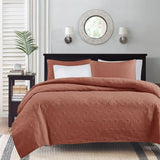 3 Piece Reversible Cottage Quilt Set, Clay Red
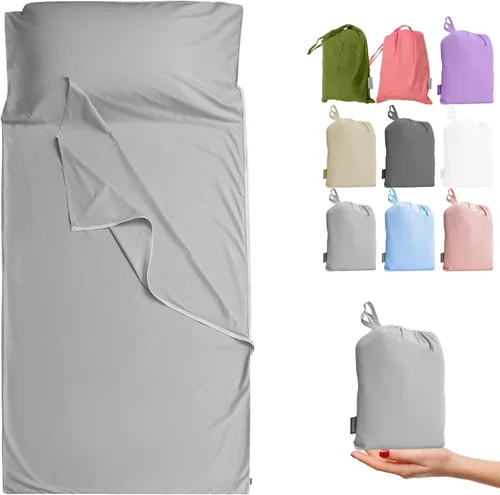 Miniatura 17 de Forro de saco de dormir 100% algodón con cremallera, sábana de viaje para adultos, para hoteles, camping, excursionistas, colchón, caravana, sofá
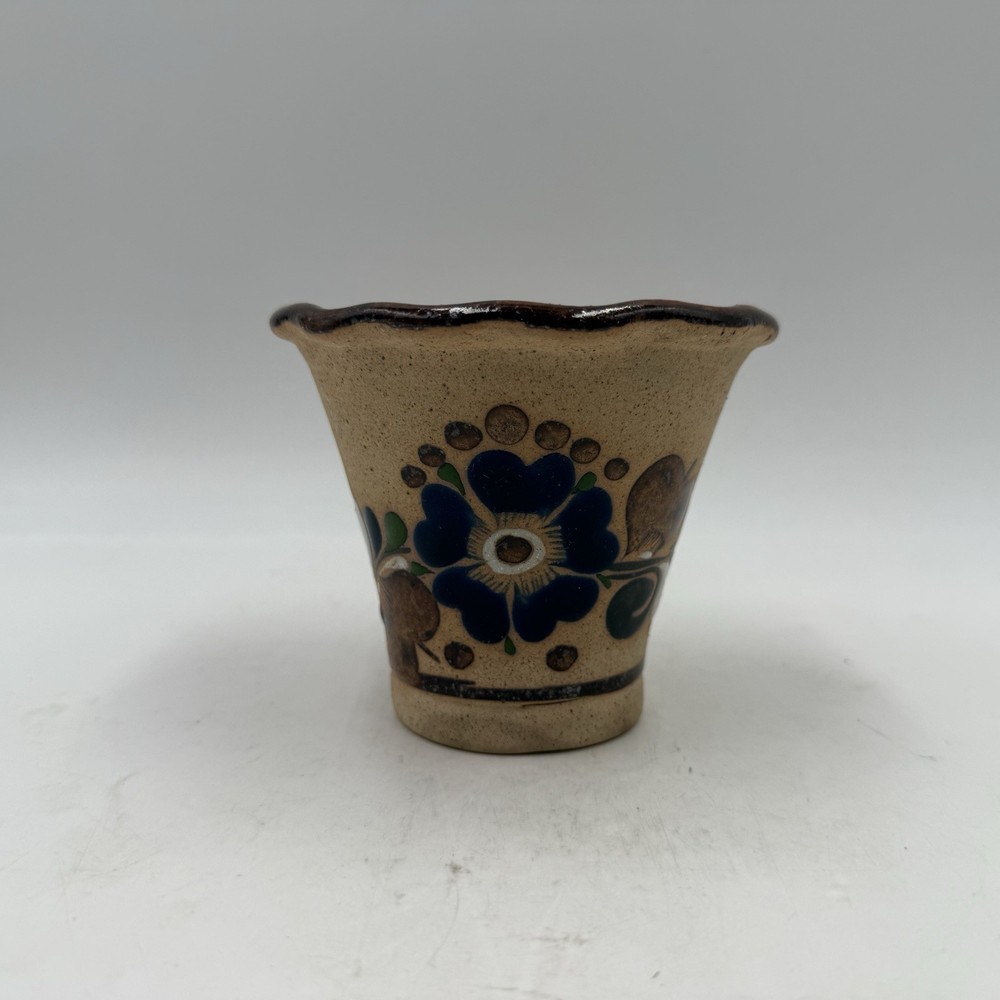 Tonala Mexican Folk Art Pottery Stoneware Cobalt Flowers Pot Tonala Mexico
...
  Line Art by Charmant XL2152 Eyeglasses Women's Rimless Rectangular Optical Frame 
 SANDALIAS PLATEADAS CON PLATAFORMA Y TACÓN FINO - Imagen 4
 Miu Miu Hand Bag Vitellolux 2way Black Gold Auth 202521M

WHAT YOU HAVE TO DO:
Reproduce, word for word and in full, only the lines above that start at the line with "SANDALIAS PLATEADAS CON" and run through the line with "Miu Miu Hand", both ends included.

EXERCISE ANSWER:
 SANDALIAS PLATEADAS CON PLATAFORMA Y TACÓN FINO - Imagen 4
 Miu Miu Hand Bag Vitellolux 2way Black Gold Auth 202521M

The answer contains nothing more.